Of course, what we do in our research is something else again.

But if you have a clear picture of what it is what you want we will for sure
try to come up with something (here the "we" could of course include you)!
The scenario of hacking the system is definitely not anything we want!

I wrote down Malcolm's cry for better tools. It's a pity, we know something
that should do exactly what Malcolm desires but we do not have the
resources... But we will try harder to find the resources.

Cheers
Christian

--
Christian Schulte, www.ict.kth.se/~cschulte/


-----Original Message-----
From: users-bounces at gecode.org [mailto:users-bounces at gecode.org] On Behalf
Of David Rijsman
Sent: Thursday, June 26, 2008 11:30 AM
To: users at gecode.org
Subject: Re: [gecode-users] Gecode 3.0.0: What we will do. What do you want?

I fully agree with Malcolm, on all remarks! 

I really like the open structure of Gecode, it is extremely easy to
interface to another system but it seems that for debugging and
visualization this is no longer valid. It is great to have gist but I
require to have my own information and visualization both for the logic as
the control. For logic Gecode is open enough for me to create information on
the constraint network and also on domain reductions after adding
constraints, but for the control I had no other option than to add code into
the existing code base. This is not really what you want in an open system,
I like to add code but not into existing files.  I will potentially have to
redo my work for every release (especially 3.0.0 will have new branching and
lots of more control). 

- What would be nice is to have is access to events in the control, with
appropriate data, such that I can use this in my own system.

hope this makes sense,


David J Rijsman
Software Architect
Quintiq
 
T +31 (0)73 691 07 39
F +31 (0)73 691 07 54
M +31 (0)62 127 68 29
E david.rijsman at quintiq.nl
I www.quintiq.com


>>> 
From: 	Malcolm Ryan <malcolmr at cse.unsw.edu.au>
To:	gecode list <users at gecode.org>
Date: 	6/26/2008 10:26 AM
Subject: 	Re: [gecode-users] Gecode 3.0.0: What we will do. What do
you want?

On 26/06/2008, at 2:07 AM, Christian Schulte wrote:
> Now: What do you want? How can you help us? Are we missing something  
> really
> important? Is there something fundamentally wrong?

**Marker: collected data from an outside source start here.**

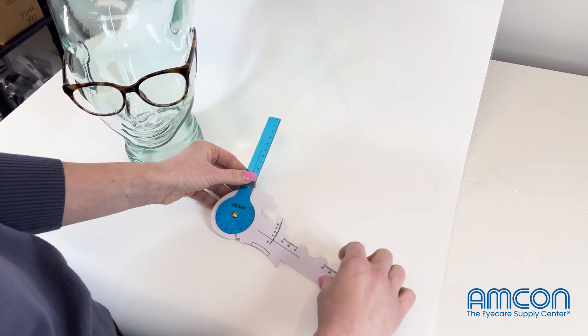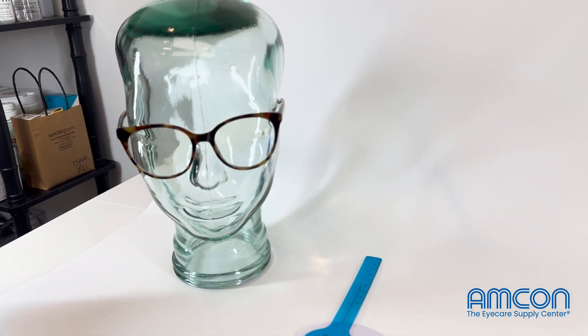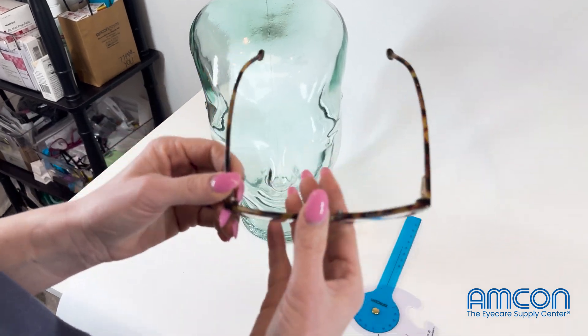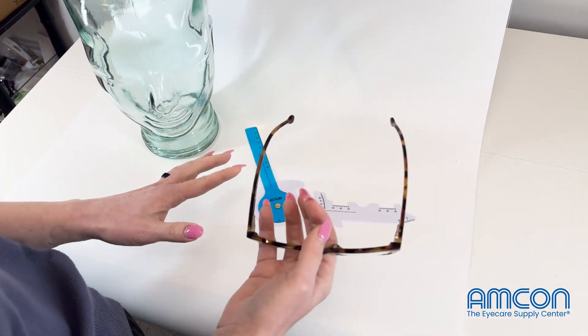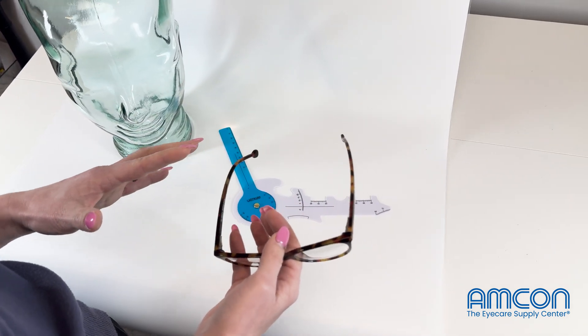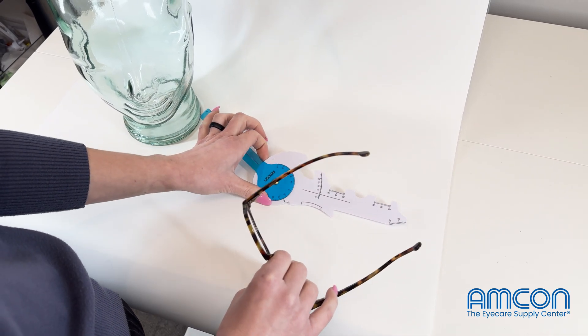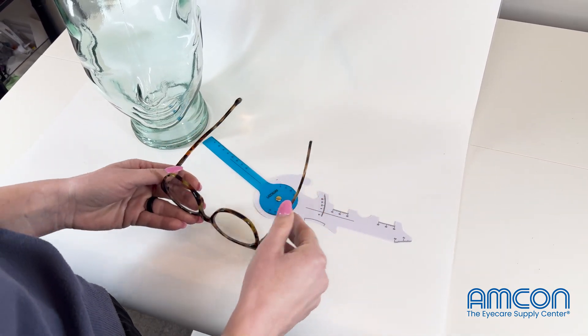Here we have Gerald, our model, wearing some glasses. The way you would use this is to take your patient's glasses, because especially with digital lenses, every patient is going to have different measurements in terms of how glasses sit on their face, and this is your ruler to take all of those measurements with.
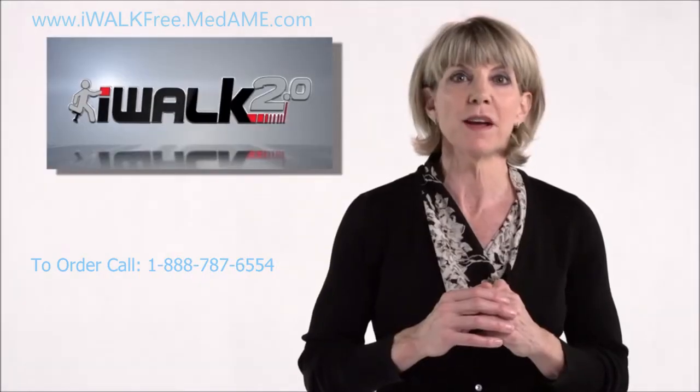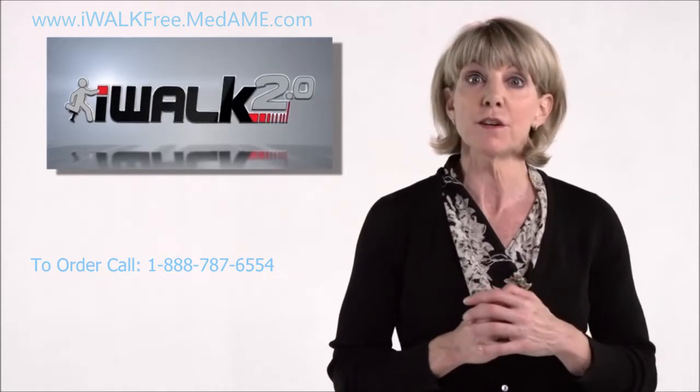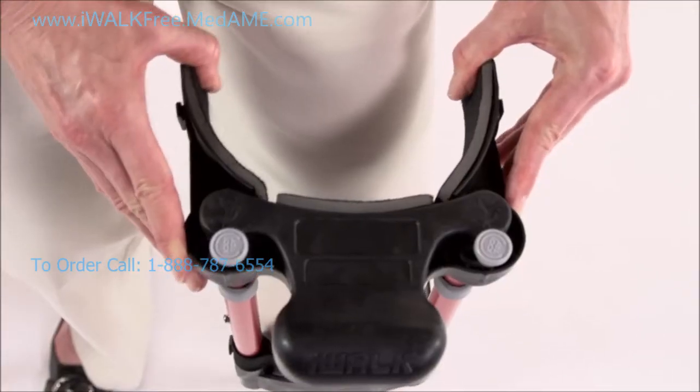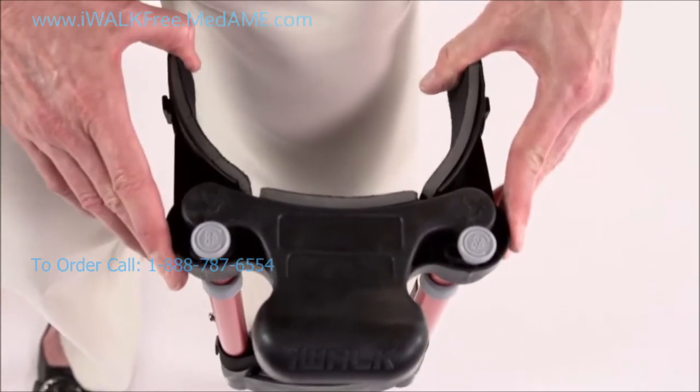It's really critical to make sure these thigh supports are locked in. If they slip, the stability of the crutch is compromised. So double check by flexing the thigh supports in and out to make sure they're firmly in place.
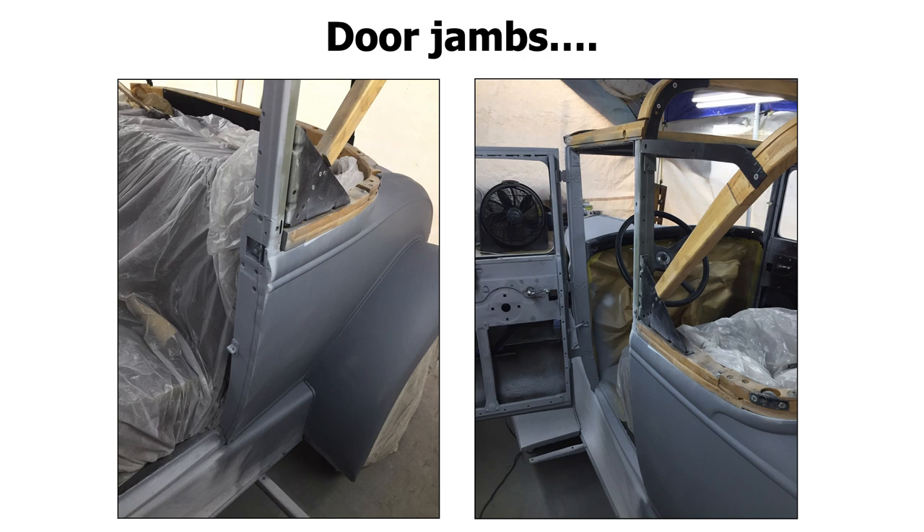The second way to do it is to basically do all of your door jams and hard-to-get areas — your interior, the interiors of your doors, the trunks, under the hood. Do all the jams first. Let that dry for a few days, then mask it up and do the outside. The other way to do it is to do the outside first and then later on go ahead and do the jams.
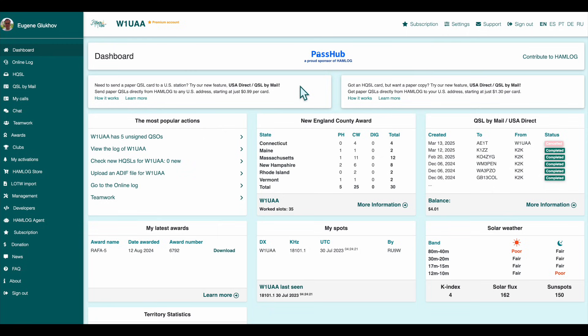Welcome to Hamlog. In this video, we'll show you how to digitally sign your QSL cards using HQSL, a secure cryptographic way to verify your QSOs.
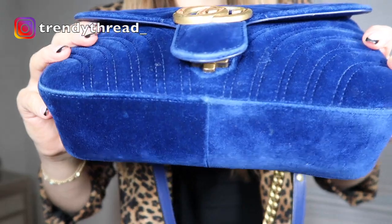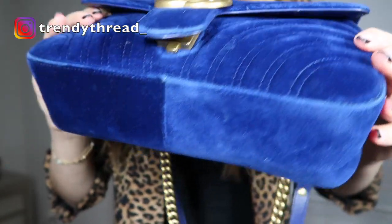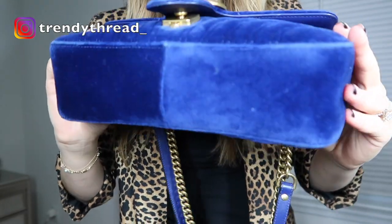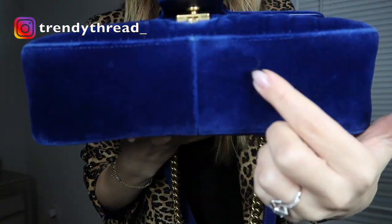As you guys can see, the bottom has some wear. And I do not put my bag down on the floor or anything like that. Usually with this bag I'm holding it, and this still kind of happened all in here.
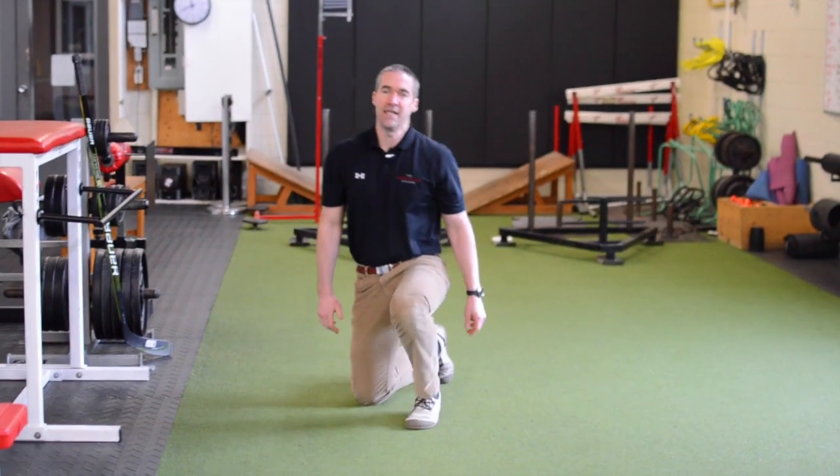Those are three different methods to regain some shoulder mobility post-injury. Try them out the next time you have a significantly injured shoulder, and we'll see you next week on Therapy Thursday.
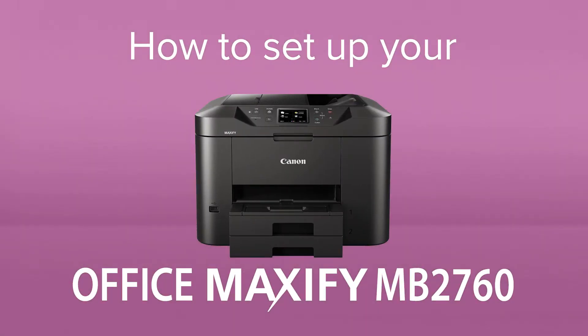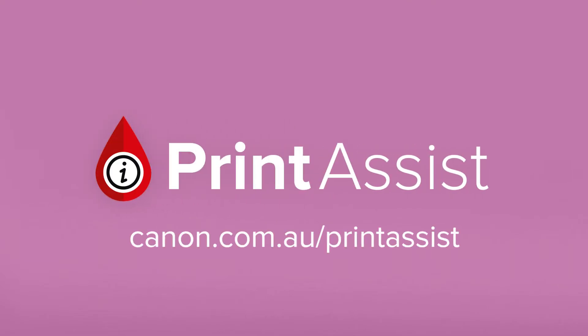How to set up your Canon Office Maxify MB2760. The Office Maxify MB2760 is a wireless all-in-one printer for printing and scanning in the office. We want you to have the best possible experience in setting up this printer, so we've created Canon Print Assist.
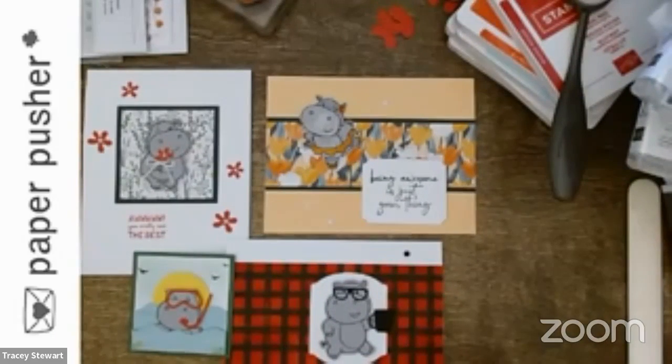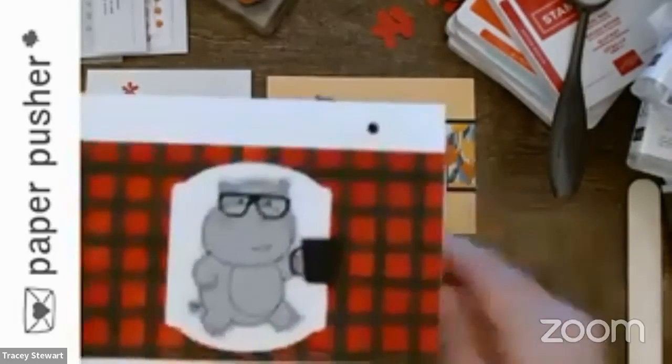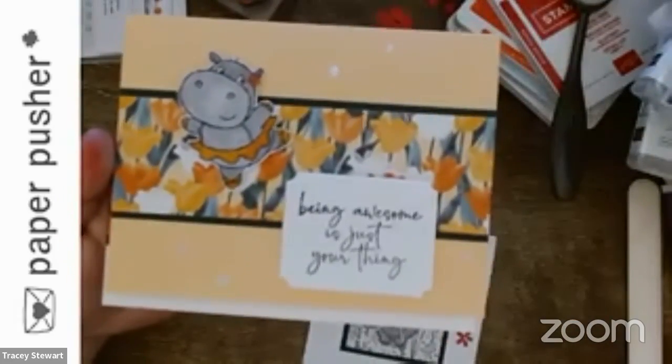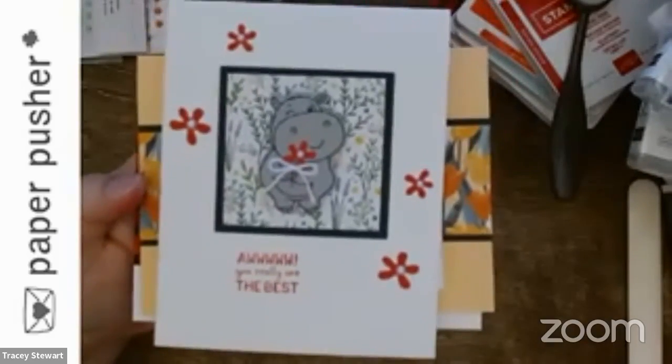I'm not even done yet — this is all the time I had so far. There's my little sample piece. We have our hip hippo, our awesome tiptoe-through-the-tulips hippo, and the best hippo flower child.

Firstly, let me thank you for a fabulous tool and better support than  
any free software I've encountered before. Research software is not  
usually any near the quality of Gecode and you deserve high acclaim  
for your work.

As for improvements, in the short term I think the push to fill out  
the documentation is important. In the longer term, it would be good  
to see more visualisation and debugging tools. If you make an error in  
your constraint definitions, at the moment it is very difficult to  
detect and isolate the problem. It is also hard to visualise whether  
your constraint system is propagating and searching efficiently. It  
would be very nice to have a graphical way to watch the propagation of  
information around the constraint graph.

Like any programming language, there are good and bad ways of writing  
constraint systems. At the moment the modelling problem remains a  
black art, only really properly understood by a few. I think it will  
remain that way as long as constraint propagation remains a black box.  
Solving this may require a significant about of HCI work, but I think  
it would be very valuable in the long run.